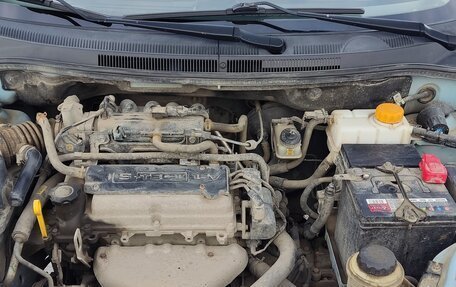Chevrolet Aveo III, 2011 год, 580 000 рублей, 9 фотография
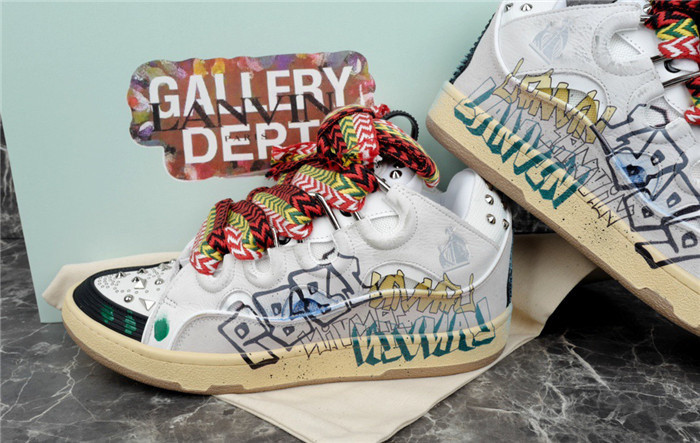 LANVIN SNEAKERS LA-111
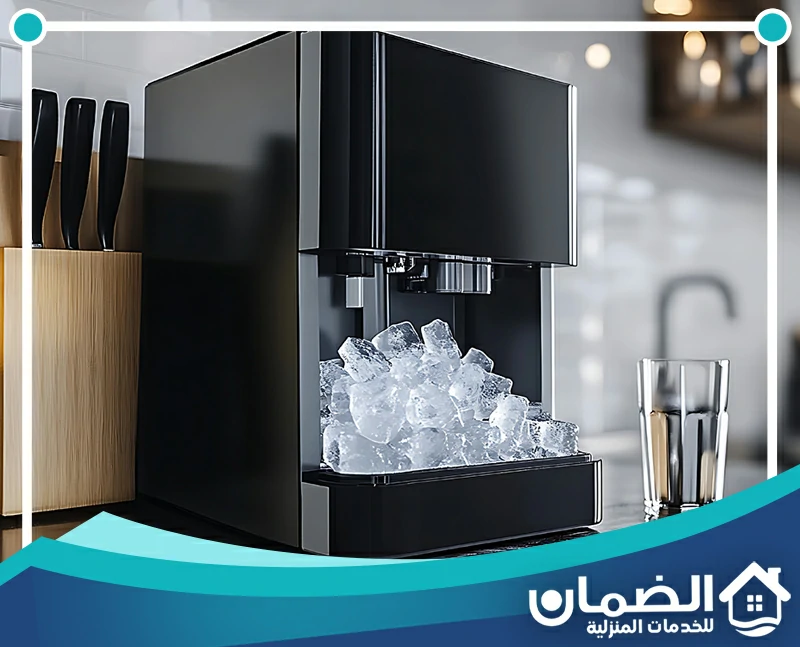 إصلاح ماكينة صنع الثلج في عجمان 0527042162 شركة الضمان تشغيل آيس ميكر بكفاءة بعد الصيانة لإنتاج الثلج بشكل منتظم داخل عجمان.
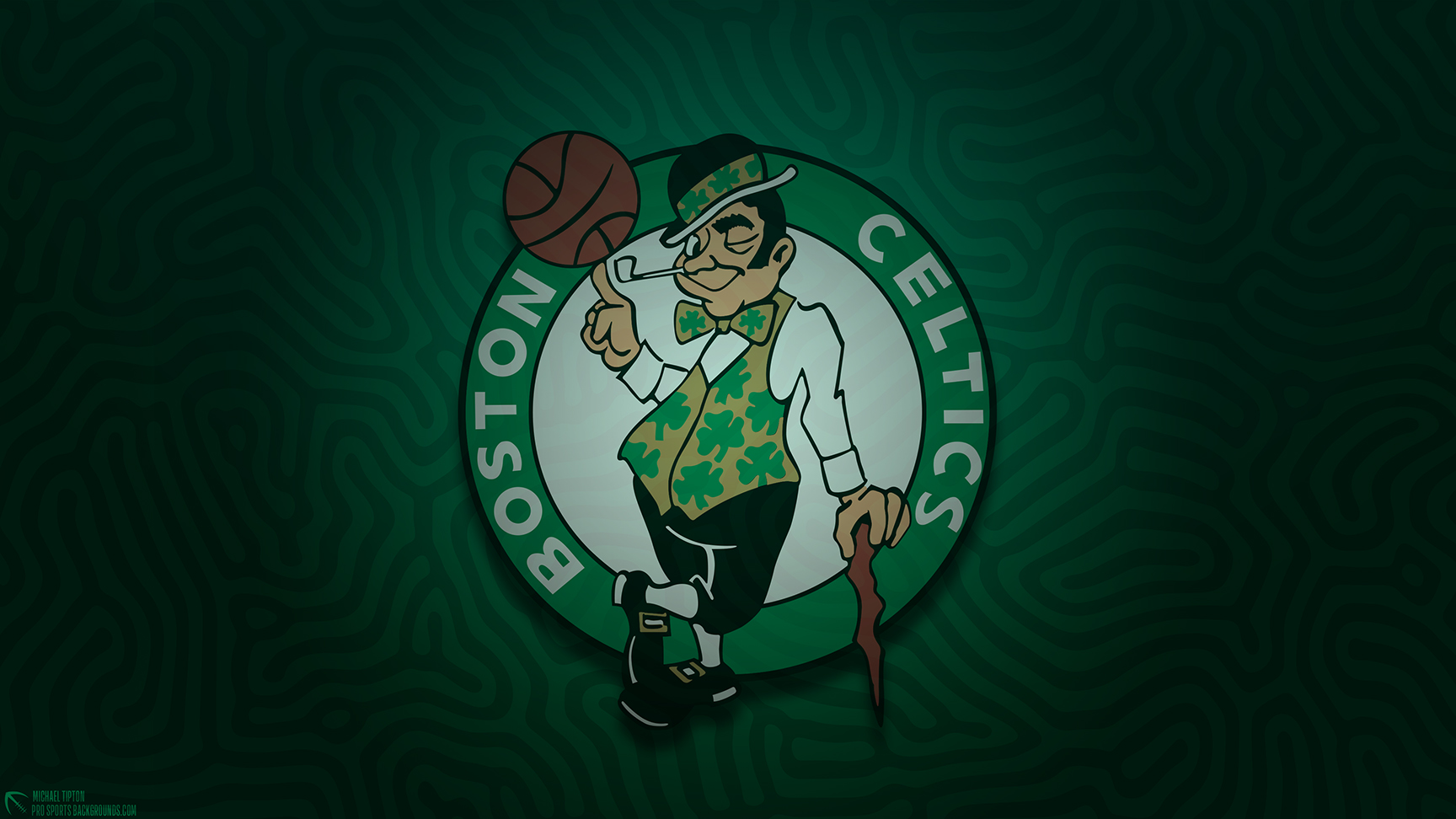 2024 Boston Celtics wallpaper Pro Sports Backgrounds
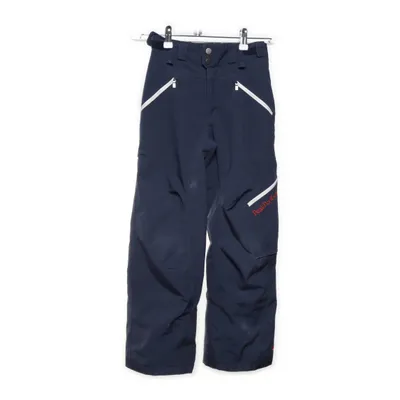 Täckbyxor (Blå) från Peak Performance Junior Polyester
* * *
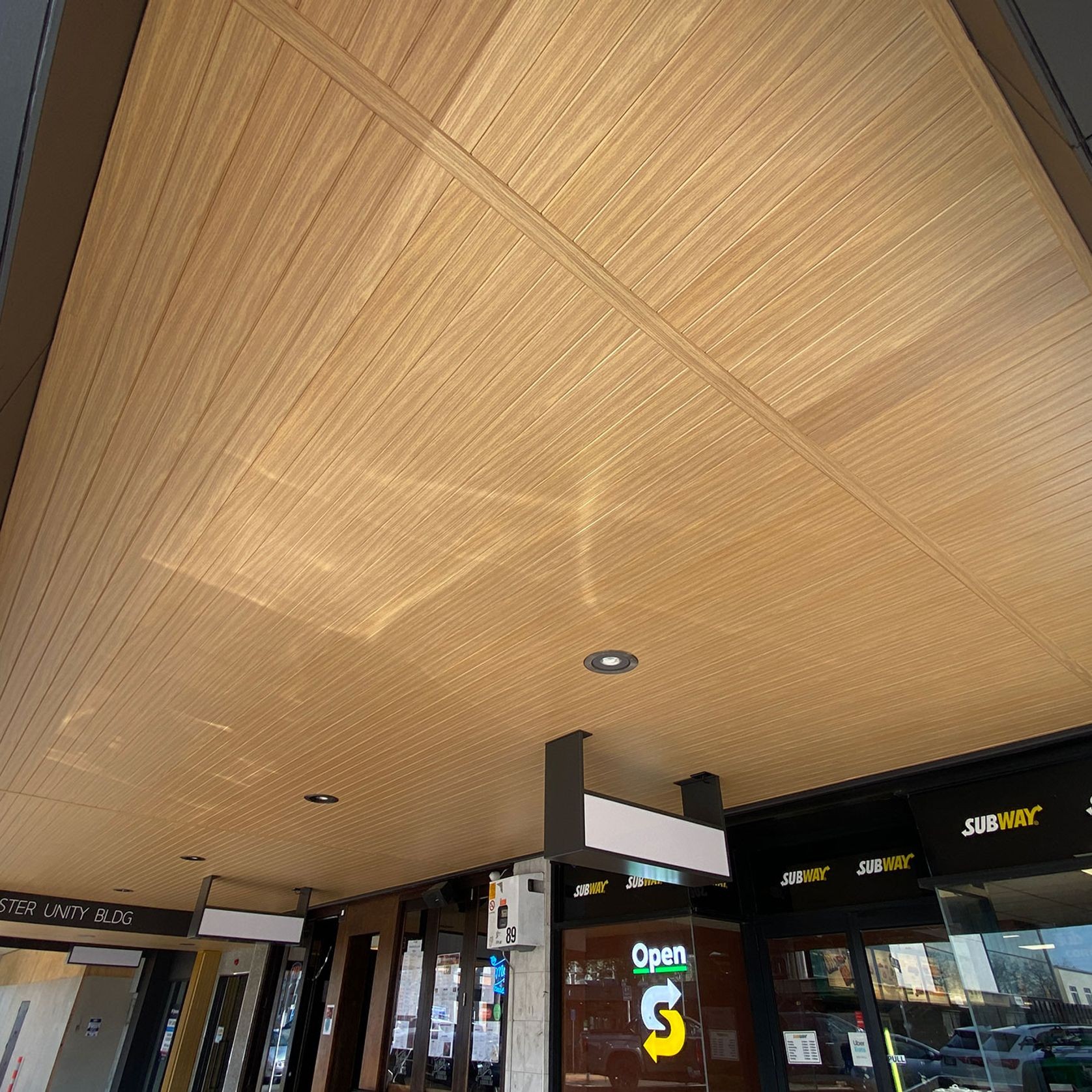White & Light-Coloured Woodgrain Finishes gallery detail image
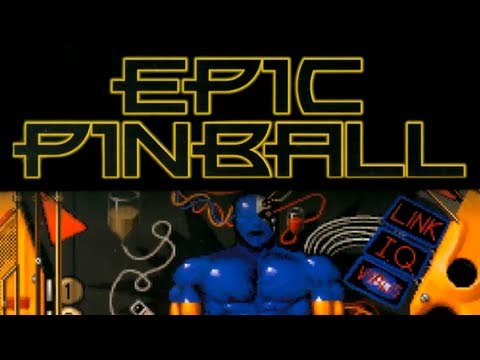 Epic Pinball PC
--
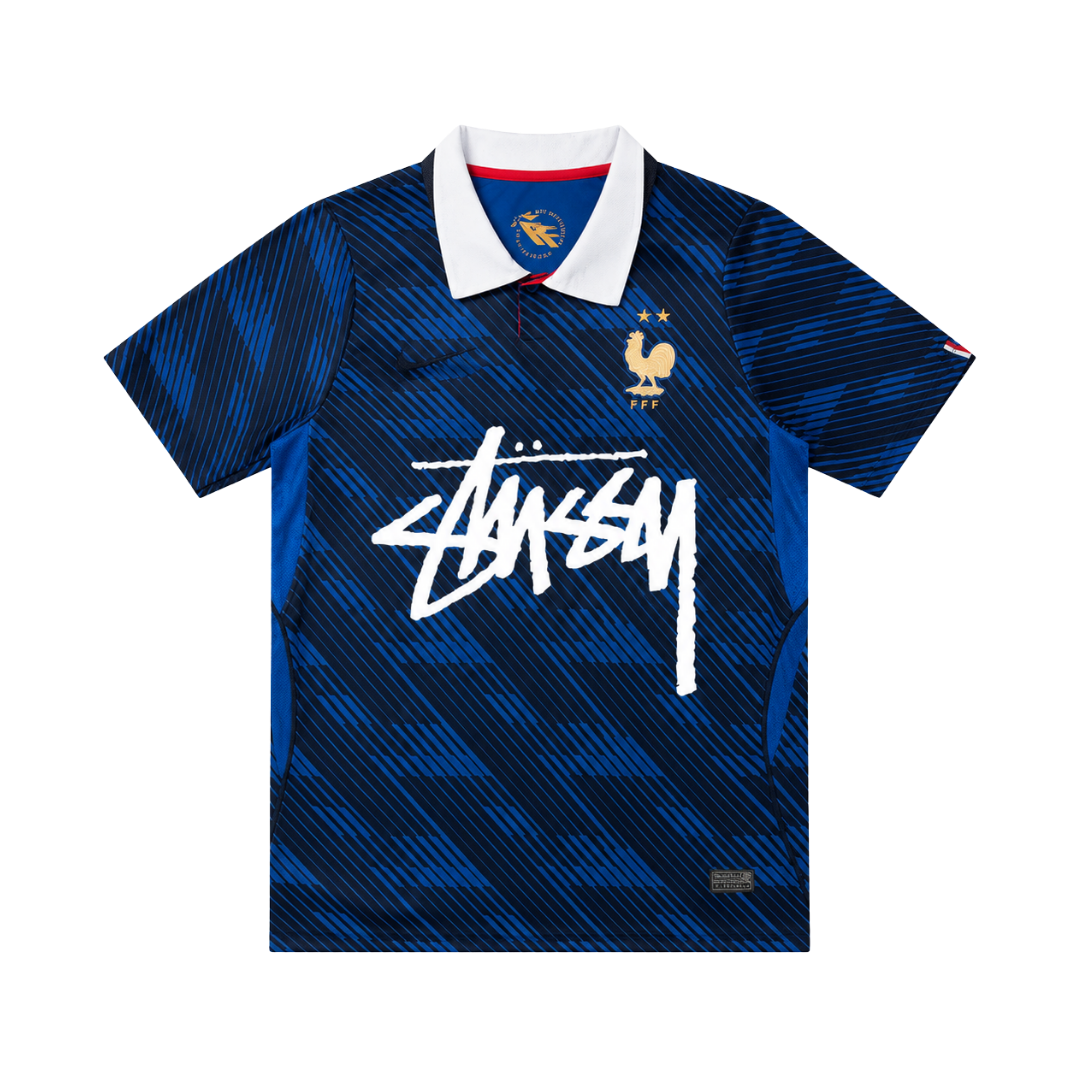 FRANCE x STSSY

**What is expected:** The output is the stretch above from the line with "Chevrolet Aveo III, 2011" through the line with "Täckbyxor (Blå) från", copied word for word with both ends kept and every picture dropped.

**Final answer:**
Chevrolet Aveo III, 2011 год, 580 000 рублей, 9 фотография
 LANVIN SNEAKERS LA-111
 إصلاح ماكينة صنع الثلج في عجمان 0527042162 شركة الضمان تشغيل آيس ميكر بكفاءة بعد الصيانة لإنتاج الثلج بشكل منتظم داخل عجمان.
 2024 Boston Celtics wallpaper Pro Sports Backgrounds
 Täckbyxor (Blå) från Peak Performance Junior Polyester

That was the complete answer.